YOUR GOAL>
Please output exactly the lines from the one that holds "Brianne Davis in Synchronicity, photo 2" through the final line of the data, and nothing else; leave out any pictures.

== EXERCISE INPUTS ==

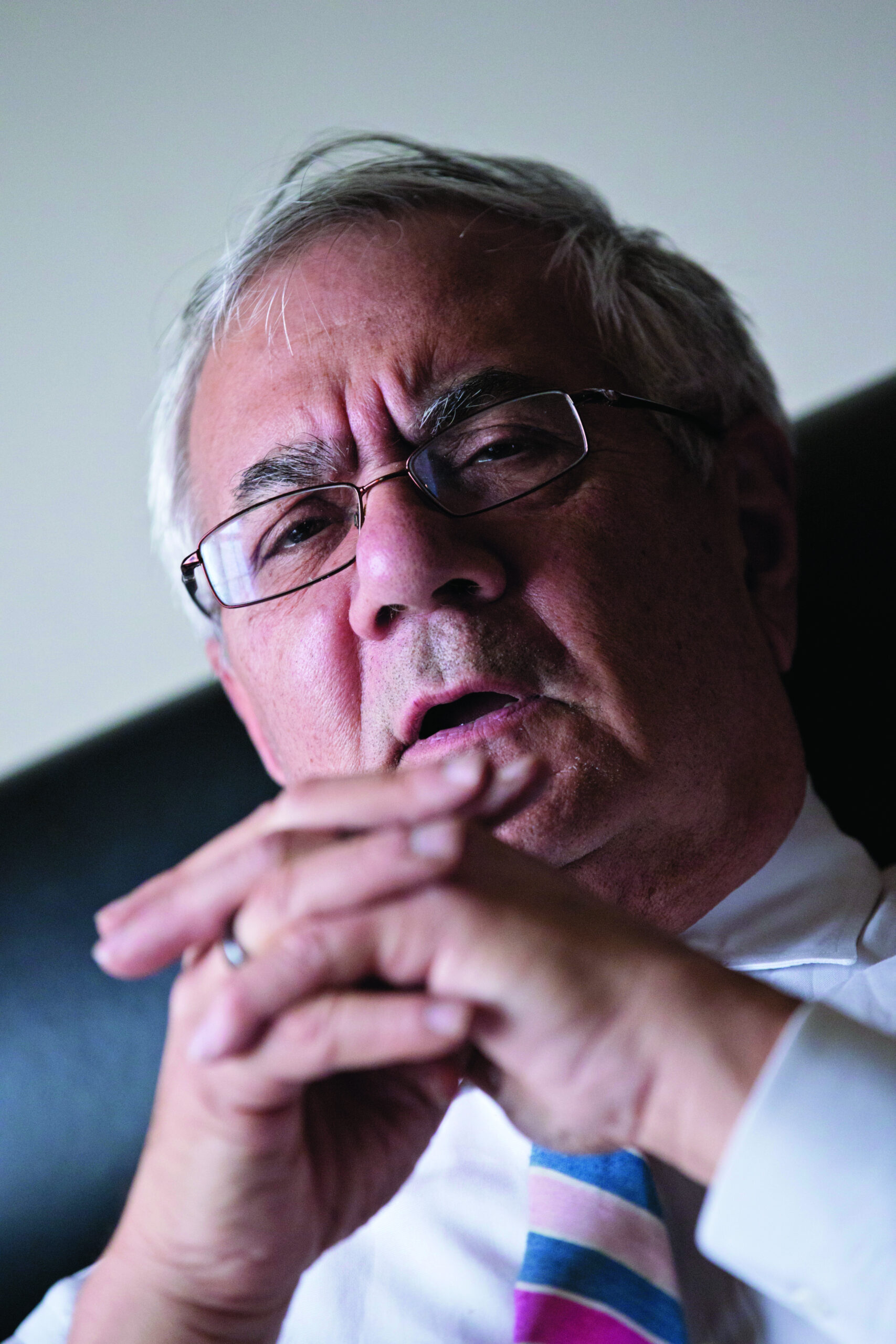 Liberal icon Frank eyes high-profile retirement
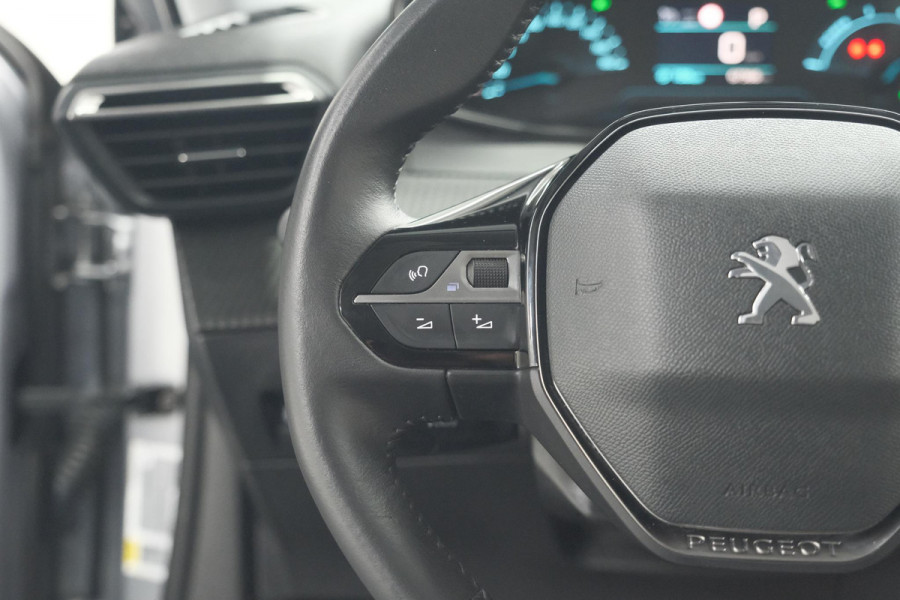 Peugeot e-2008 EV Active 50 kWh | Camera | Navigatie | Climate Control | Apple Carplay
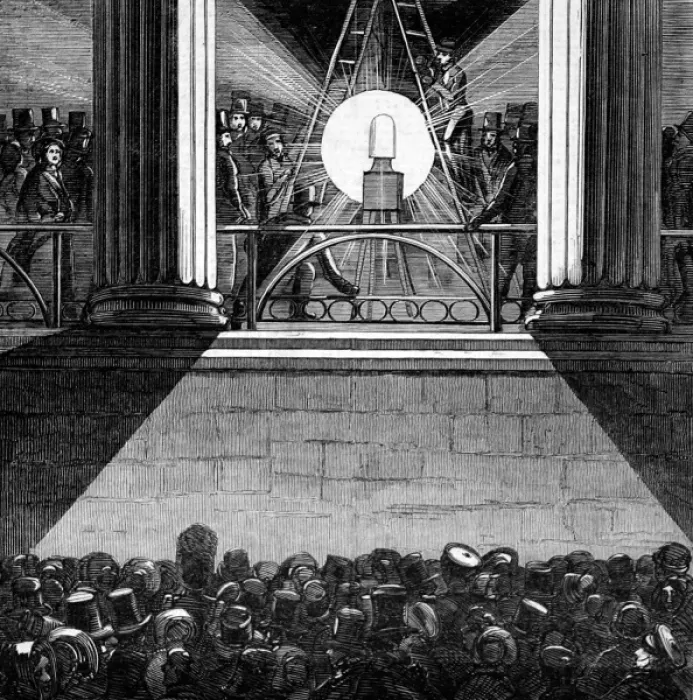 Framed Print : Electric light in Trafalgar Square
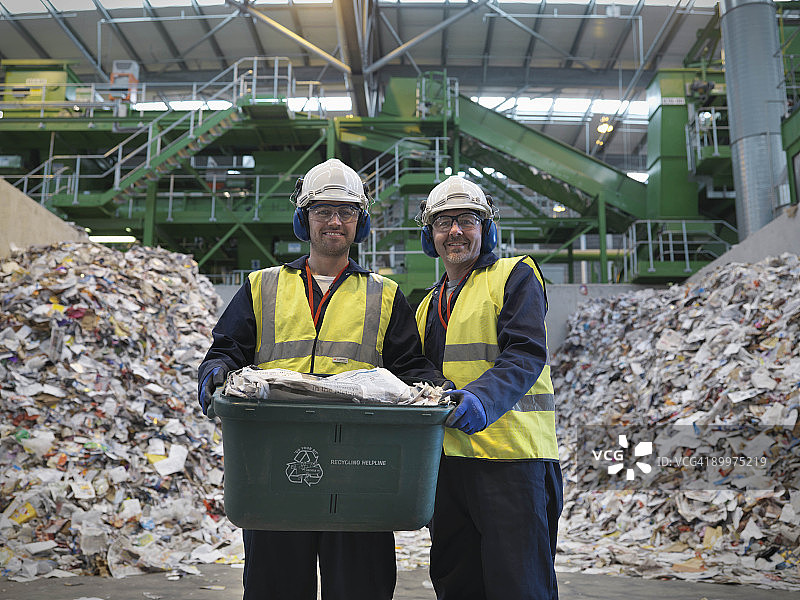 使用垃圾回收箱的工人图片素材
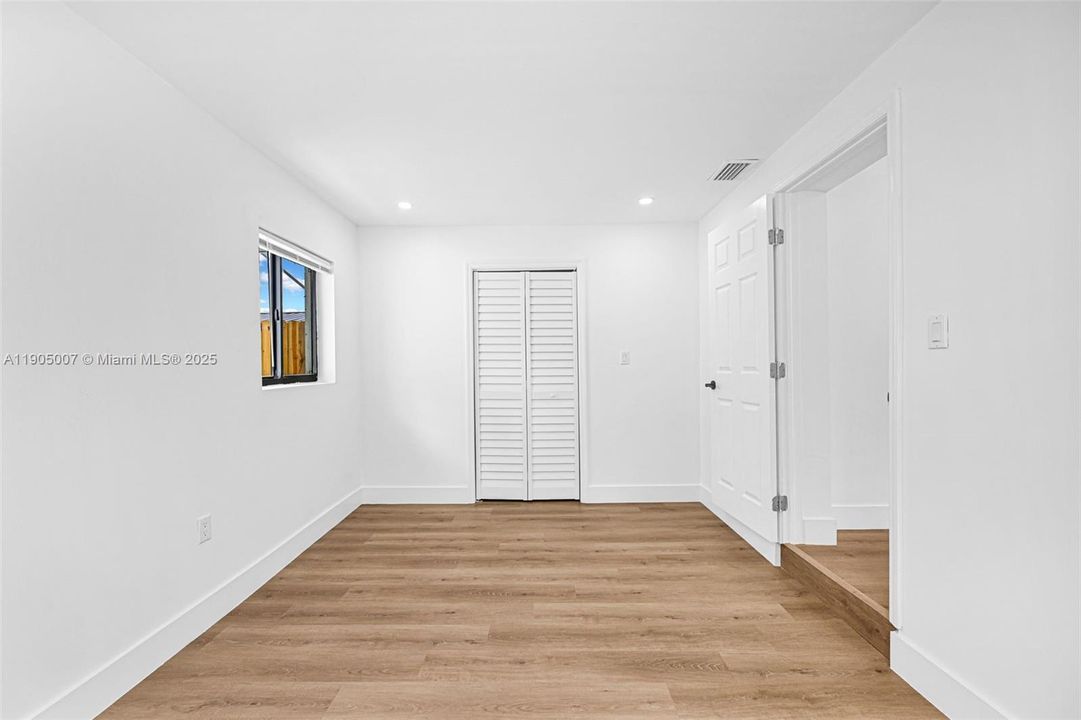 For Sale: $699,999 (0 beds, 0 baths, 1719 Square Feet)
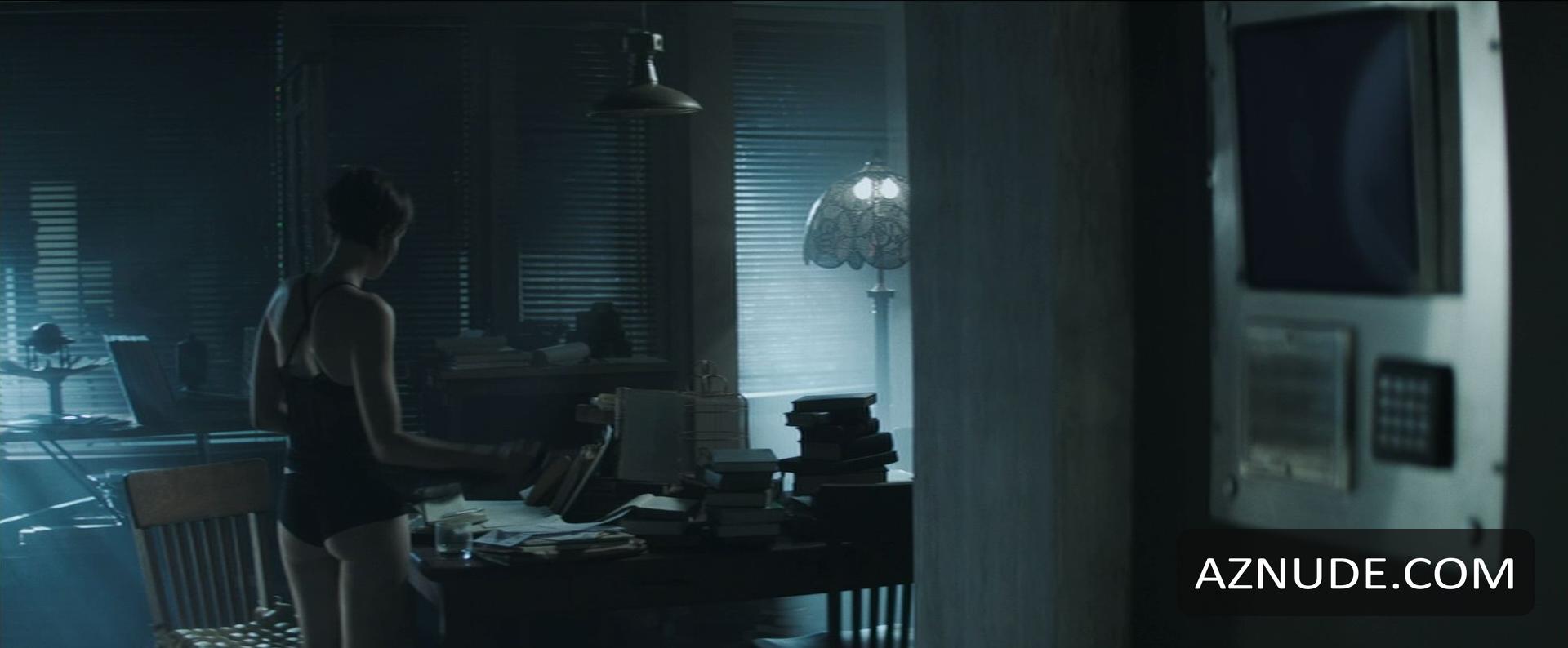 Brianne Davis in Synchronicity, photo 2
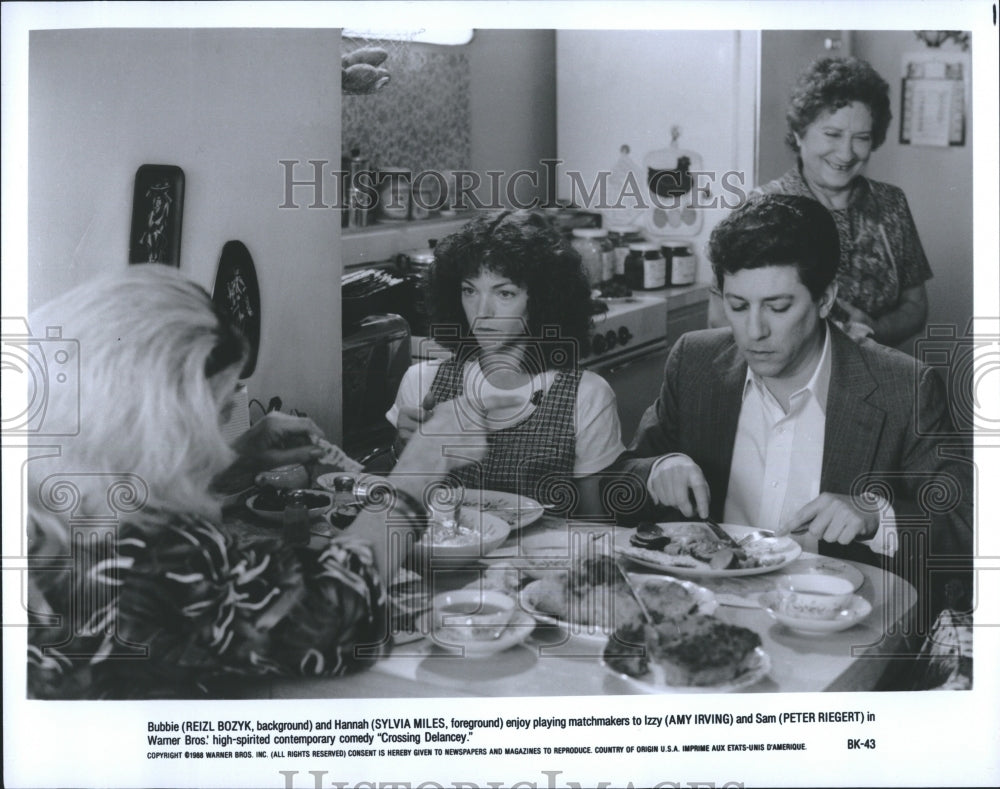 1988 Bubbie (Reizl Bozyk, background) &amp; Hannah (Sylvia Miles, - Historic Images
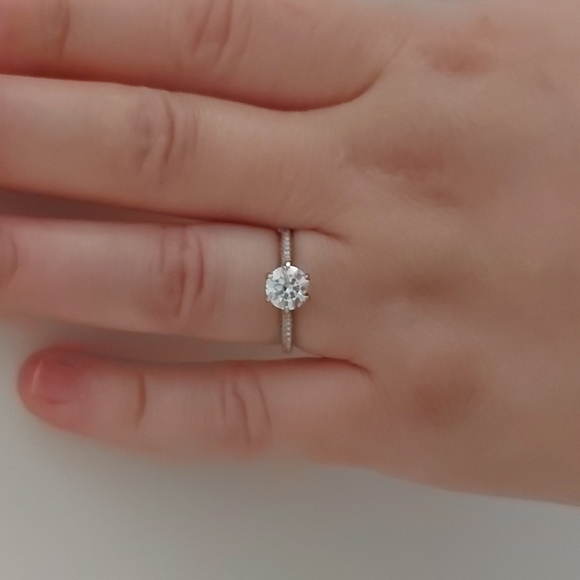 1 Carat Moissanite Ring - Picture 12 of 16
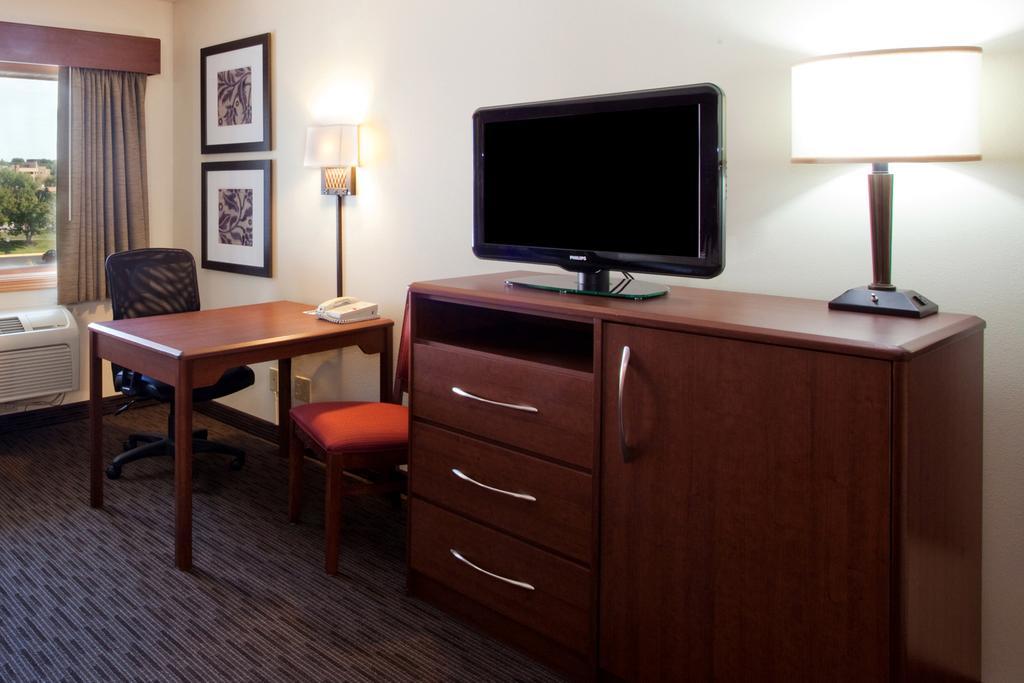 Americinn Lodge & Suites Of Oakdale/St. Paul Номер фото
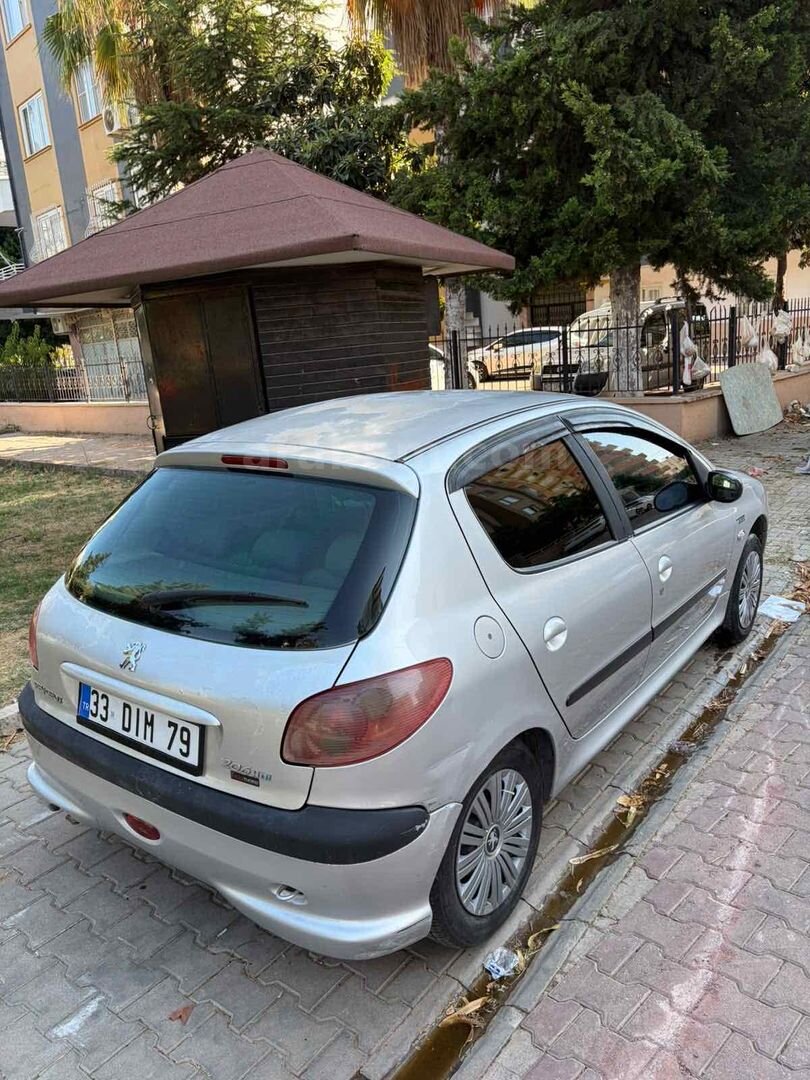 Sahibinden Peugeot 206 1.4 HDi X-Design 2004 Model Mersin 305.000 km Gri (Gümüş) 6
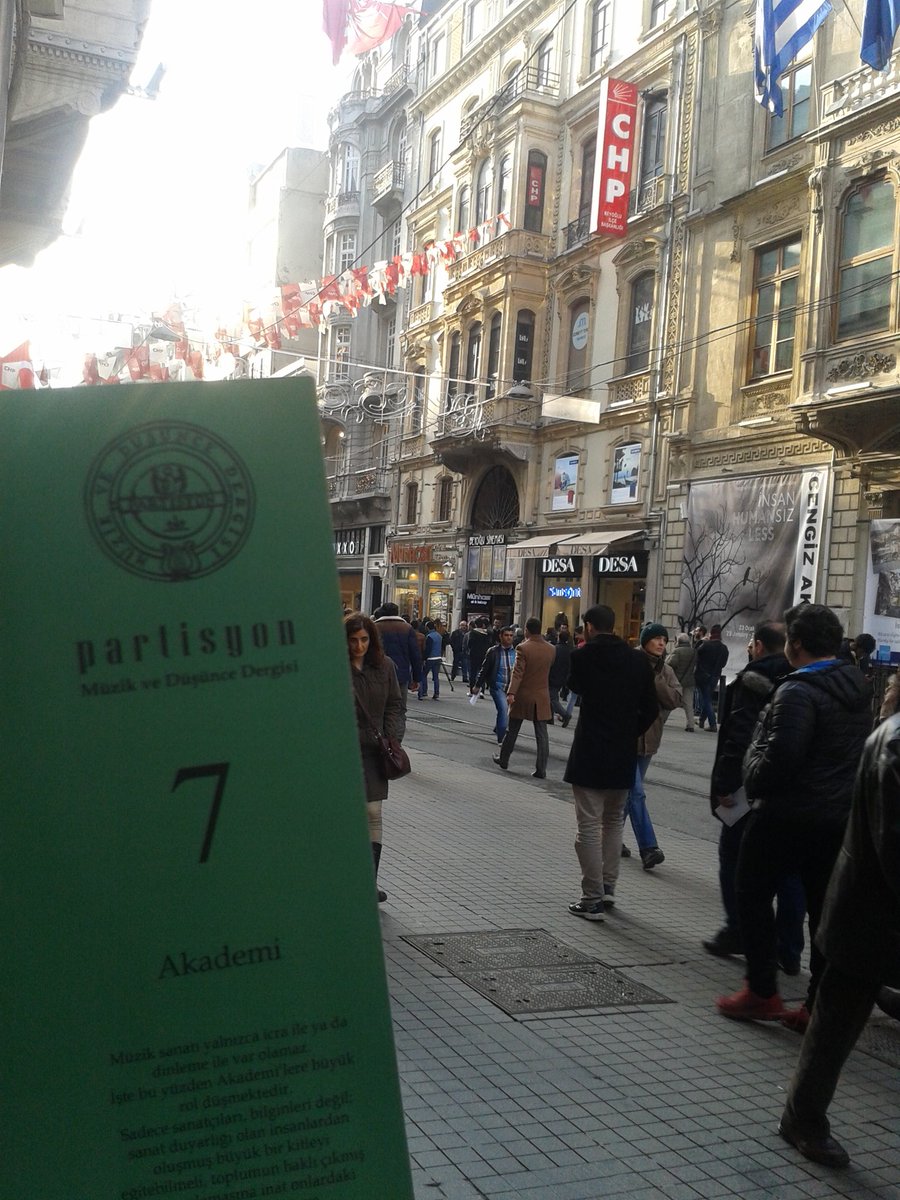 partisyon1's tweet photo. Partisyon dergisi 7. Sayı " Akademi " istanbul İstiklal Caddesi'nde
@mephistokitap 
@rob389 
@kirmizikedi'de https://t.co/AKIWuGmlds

===

EXPECTED OUTPUT>
 Brianne Davis in Synchronicity, photo 2
 1988 Bubbie (Reizl Bozyk, background) &amp; Hannah (Sylvia Miles, - Historic Images
 1 Carat Moissanite Ring - Picture 12 of 16
 Americinn Lodge & Suites Of Oakdale/St. Paul Номер фото
 Sahibinden Peugeot 206 1.4 HDi X-Design 2004 Model Mersin 305.000 km Gri (Gümüş) 6
 partisyon1's tweet photo. Partisyon dergisi 7. Sayı " Akademi " istanbul İstiklal Caddesi'nde
@mephistokitap 
@rob389 
@kirmizikedi'de https://t.co/AKIWuGmlds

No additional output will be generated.